• EXERCISE
Please print nothing but the lines from the one with "FixPoint Versatil Pen" to the last line of the records below, and omit pictures.

Scraped caption text data
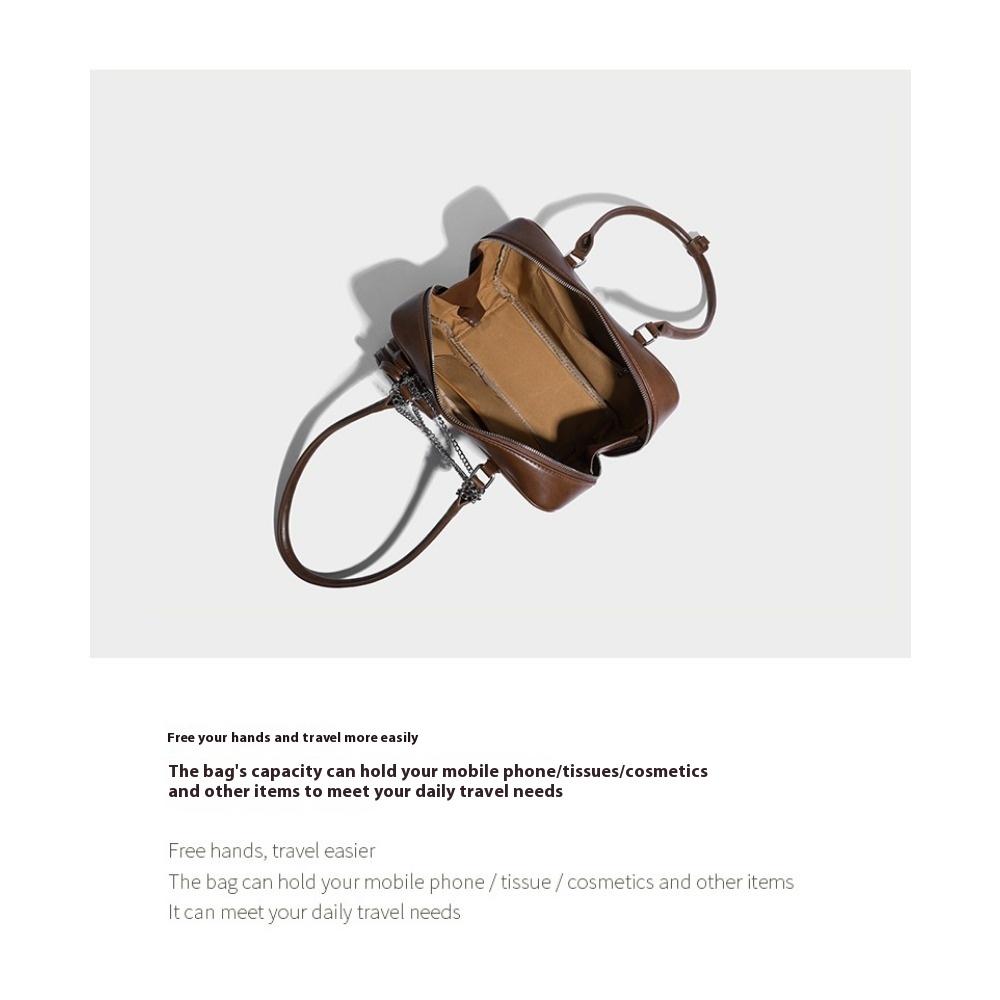 Autumn and Winter Niche Design Toast Bag Portable Bowling Bag Fashionable Large Capacity Casual Versatile Shoulder Armpit Bag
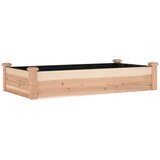  Povišena vrtna gredica s oblogom 120x60x25 cm masivna jelovina | Eponuda.com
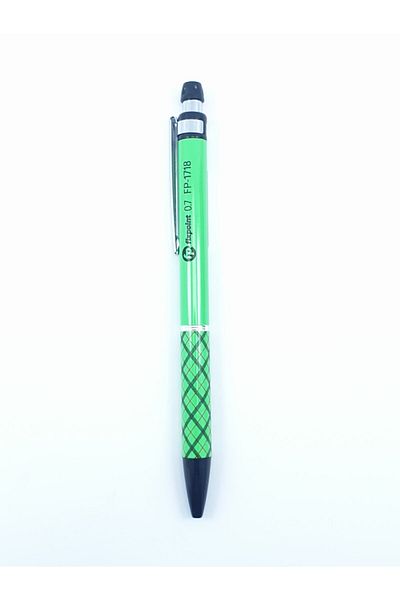 FixPoint Versatil Pen Metal Eraser Tip Pen 0.7 Mm Green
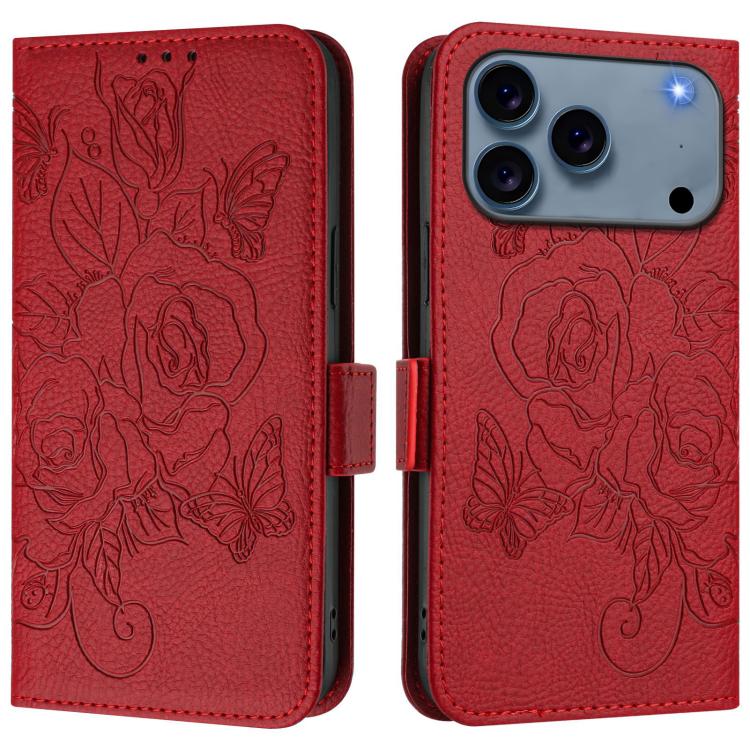 Custodia per telefono antifurto in pelle RFID rosa goffrata, For iPhone 17 Pro Max, For iPhone 17 Pro, For iPhone 17, For iPhone Air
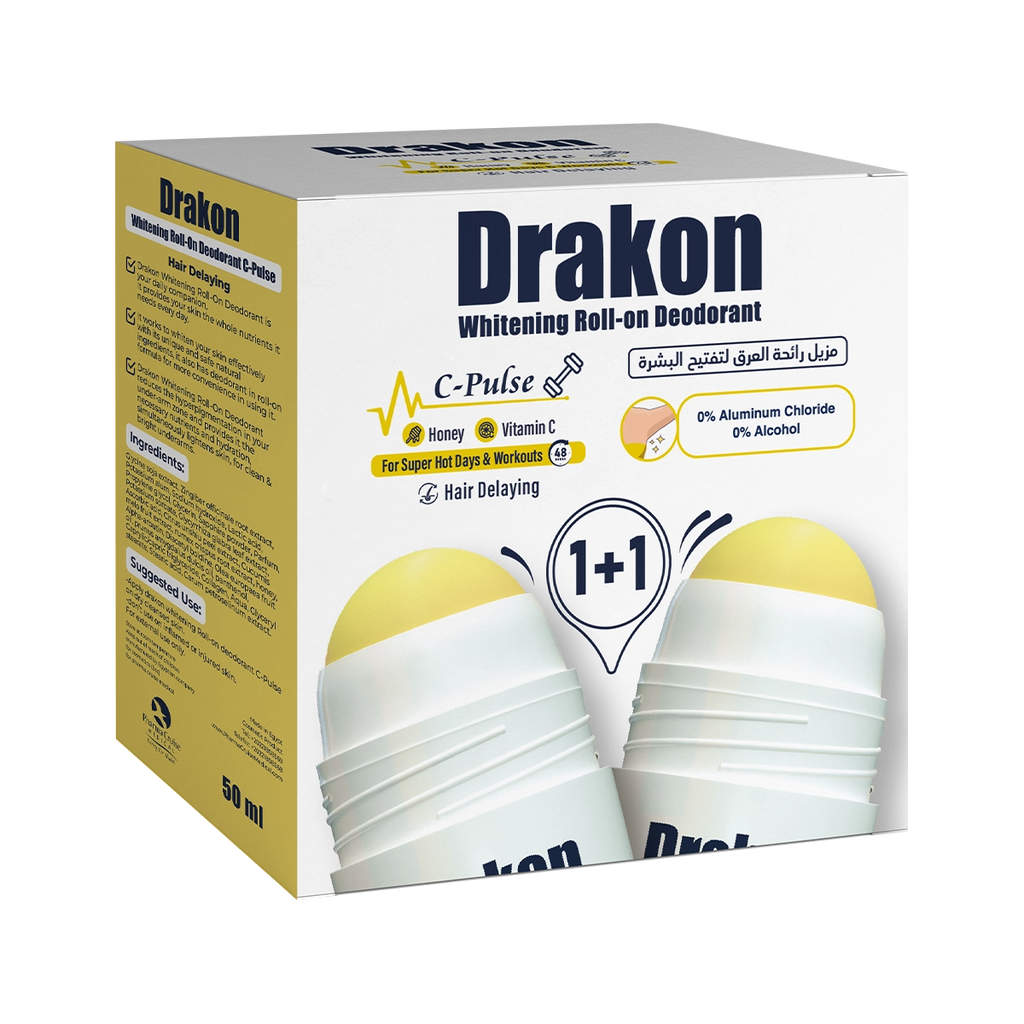 Drakon Whitening Roll-on Deodorant C-Pulse 1+1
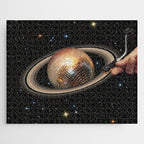 Galactic DJ II - Saturn Disco Ball Jigsaw Puzzle Gallery Image 1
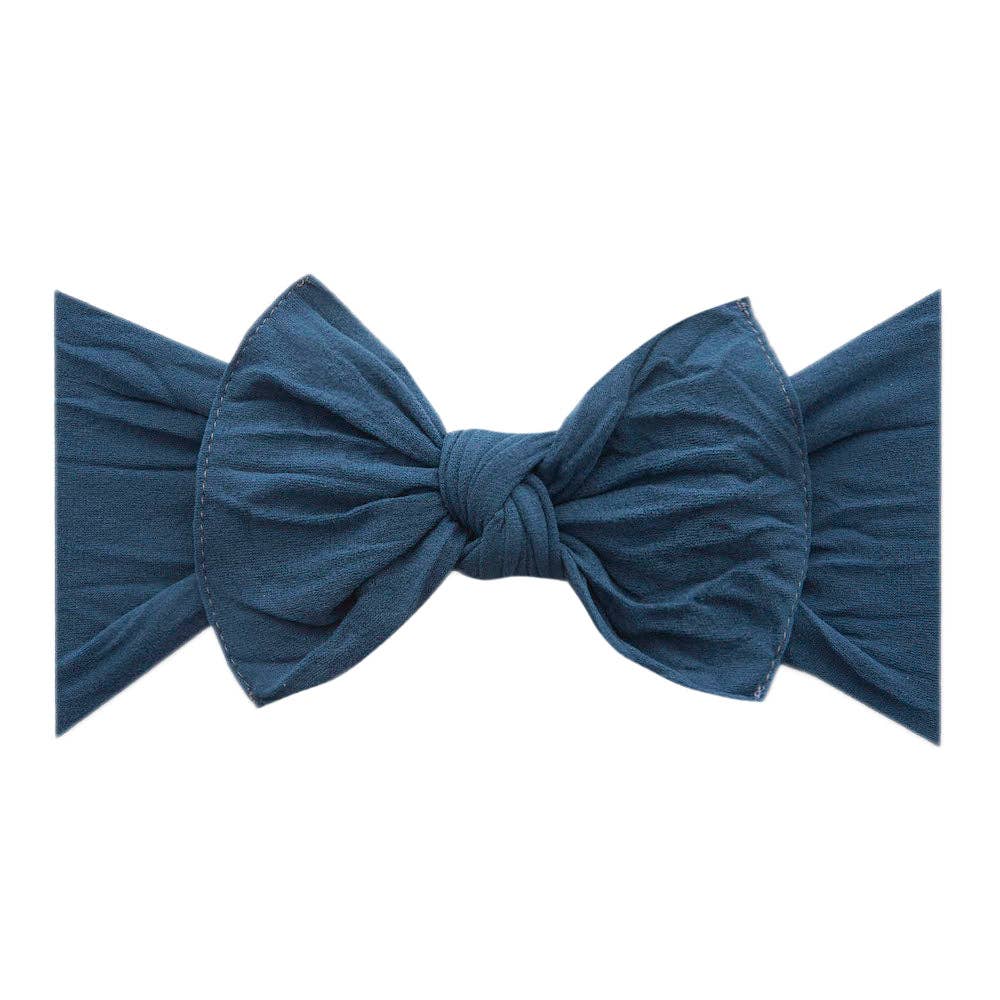 Baby Bling Bows - KNOT: slate blue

• SOLVED EXERCISE
 FixPoint Versatil Pen Metal Eraser Tip Pen 0.7 Mm Green
 Custodia per telefono antifurto in pelle RFID rosa goffrata, For iPhone 17 Pro Max, For iPhone 17 Pro, For iPhone 17, For iPhone Air
 Drakon Whitening Roll-on Deodorant C-Pulse 1+1
 Galactic DJ II - Saturn Disco Ball Jigsaw Puzzle Gallery Image 1
 Baby Bling Bows - KNOT: slate blue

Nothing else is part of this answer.